DATASET CONTENT:
-- Opening Marker --

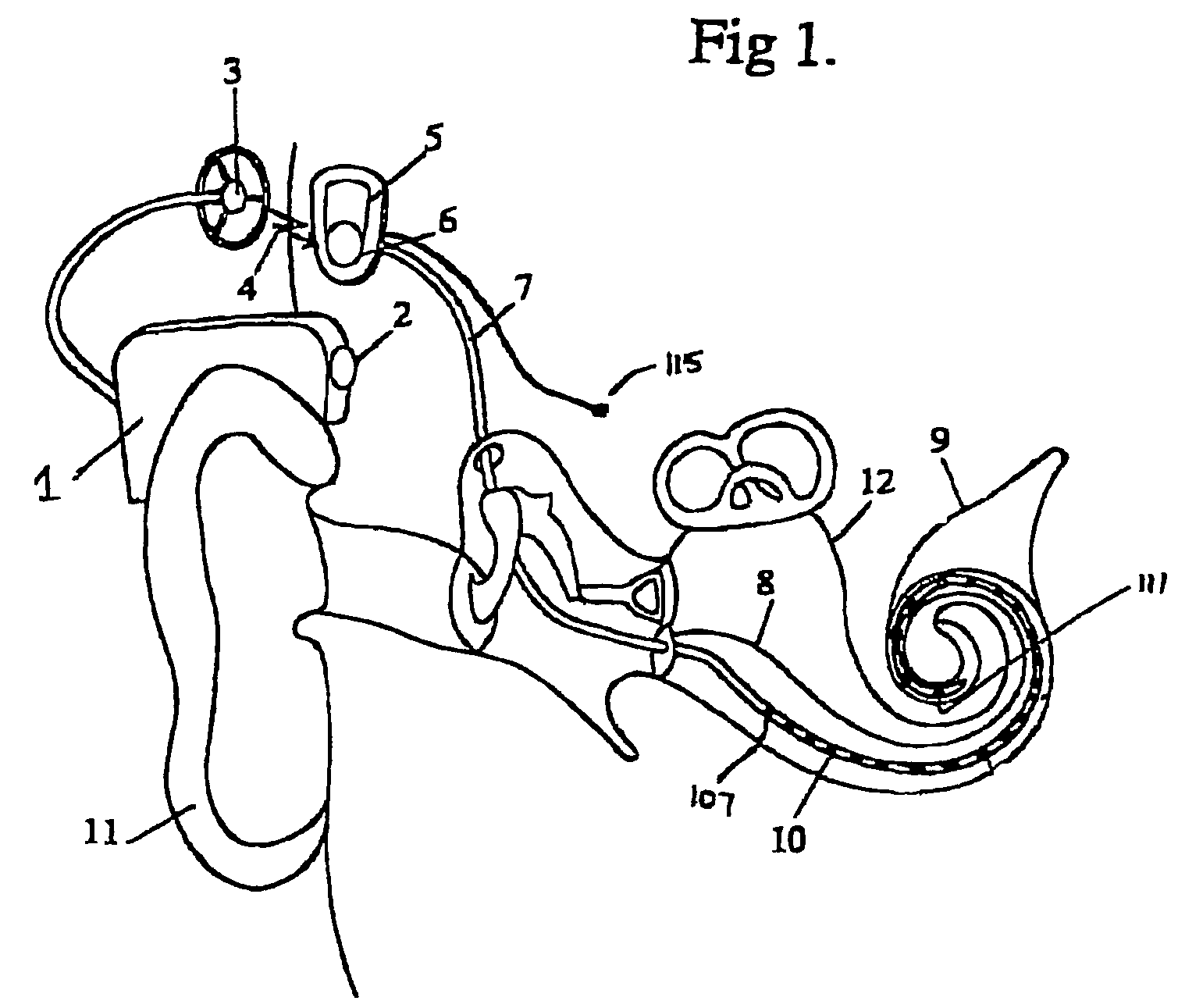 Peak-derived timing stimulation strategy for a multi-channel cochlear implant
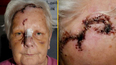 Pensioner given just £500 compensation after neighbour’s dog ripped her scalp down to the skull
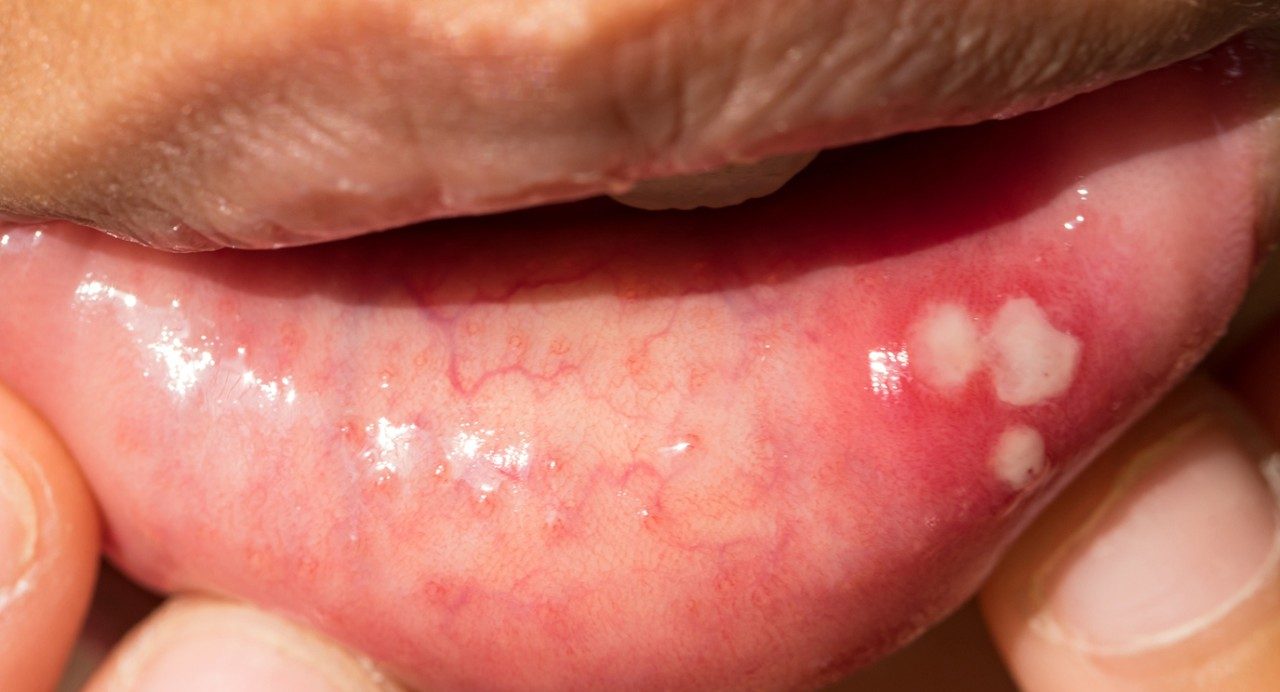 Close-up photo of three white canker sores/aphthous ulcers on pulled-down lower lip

-- Closing Marker --

WHAT THE TASK ASKS: The answer should consist solely of the lines from the one containing "Pensioner given just" through the last line of the material, copied exactly, with pictures left out.

RESULT OF THE TASK:
 Pensioner given just £500 compensation after neighbour’s dog ripped her scalp down to the skull
 Close-up photo of three white canker sores/aphthous ulcers on pulled-down lower lip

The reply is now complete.